WORK TO COMPLETE: Only the lines with the string "Hole" are needed; return each of them from the entries below.

MATERIAL TO PROCESS:
::::::::::
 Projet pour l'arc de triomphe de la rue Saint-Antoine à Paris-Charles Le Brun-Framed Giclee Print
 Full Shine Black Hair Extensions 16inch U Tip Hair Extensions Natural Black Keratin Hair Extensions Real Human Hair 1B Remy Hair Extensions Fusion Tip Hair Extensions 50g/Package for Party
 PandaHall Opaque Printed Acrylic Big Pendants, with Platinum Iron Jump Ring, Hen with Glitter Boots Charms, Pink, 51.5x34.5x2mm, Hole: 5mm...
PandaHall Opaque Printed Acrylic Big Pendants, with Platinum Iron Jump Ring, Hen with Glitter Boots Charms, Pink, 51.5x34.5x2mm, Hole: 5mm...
::::::::::
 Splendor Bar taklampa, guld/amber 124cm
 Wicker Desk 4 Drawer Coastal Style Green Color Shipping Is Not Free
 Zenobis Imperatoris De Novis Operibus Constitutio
::::::::::
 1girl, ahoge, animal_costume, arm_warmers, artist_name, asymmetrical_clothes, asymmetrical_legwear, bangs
::::::::::
OUTPUT FOR THIS TASK:
 PandaHall Opaque Printed Acrylic Big Pendants, with Platinum Iron Jump Ring, Hen with Glitter Boots Charms, Pink, 51.5x34.5x2mm, Hole: 5mm...
PandaHall Opaque Printed Acrylic Big Pendants, with Platinum Iron Jump Ring, Hen with Glitter Boots Charms, Pink, 51.5x34.5x2mm, Hole: 5mm...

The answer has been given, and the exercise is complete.